特別な1日  

-Una Giornata Particolare,Parte2-

映画『Mommy/マミー』

大阪の住民投票の結果は冷や冷やしたが、良かった。大阪の人たちの良識が土壇場で発揮されたのか(笑)。だけど差はごくわずかで、あんまり喜んでも居られない。
投票行動の特徴で今判っているのは、『反対が多かったのは70歳代以上でそれ以下の層は賛成が多かった(調査によっては60代以上が反対というものもある)、『湾岸地区やミナミは反対が多かったが内陸部・キタは賛成が多かった』、らしい。
●各地の投票結果は拮抗している。

                                                                   
これがシルバーデモクラシーの結果なのか、与党(維新)の莫大な物量戦術を跳ね返した無党派・野党の勝利大阪の住民投票結果から見えるもの(渡辺輝人) - 個人 - Yahoo!ニュースと見るべきなのか、いろいろ観方はあるようだ。
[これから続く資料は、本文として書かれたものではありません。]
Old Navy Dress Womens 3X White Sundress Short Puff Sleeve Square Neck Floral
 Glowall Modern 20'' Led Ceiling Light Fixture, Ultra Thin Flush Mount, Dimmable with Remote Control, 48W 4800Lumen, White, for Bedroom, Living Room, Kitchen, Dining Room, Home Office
ボクには投票前に『これが変革の最後のチャンス』と感情だけに訴える橋下の物言いはファシズムにしか見えなかった。冷静に考えれば変革のチャンスなんか、いつだってあるに決まっているじゃないか(笑)。こういう『いちかばちか、改革だ』みたいな意見を聞くと、かって日米開戦が迫ったとき、戦争反対の元総理大臣・海軍大将の米内光政が天皇に上奏した『ジリ貧になるのを避けようとして、ドカ貧になるのはお避けください。』という台詞を思い浮かべてしまう。
小田嶋隆tweet


                                                         
賛否の差はごくわずかだ。おそらく大阪市の行政に問題がかなりあることも間違いはないのだろう。橋下にも功罪はあるのだと思うが、仮想敵を作ってポピュリズムを煽る橋下のやり方はロクなもんじゃない。これで政治家引退とか言ってるそうだが、それも敵か味方か、勝ったか負けたかでしか物事を判断できない橋下らしい、幼稚な辞め方だ(辞めてくれるのはありがたいが)。
                                  
地味で時間がかかるかもしれないが、大阪を何とかするには移り気な市民が政治に関心を持ち続けられるかにかかっているだろう。橋下もその亜流みたいな連中も二度と出てきて欲しくない。そもそも誰か立派な指導者が出てきて、簡単に何とかしてくれる、という発想はボクは全く信じられない。行政の形を変えたからって景気や政治が良くなるはずがない。自分の事は自分でやらなければならないのは世界の真理だと思う。だったら一人一人が自分ができることをやっていくしか、問題を解決する方法はあるわけないじゃないか。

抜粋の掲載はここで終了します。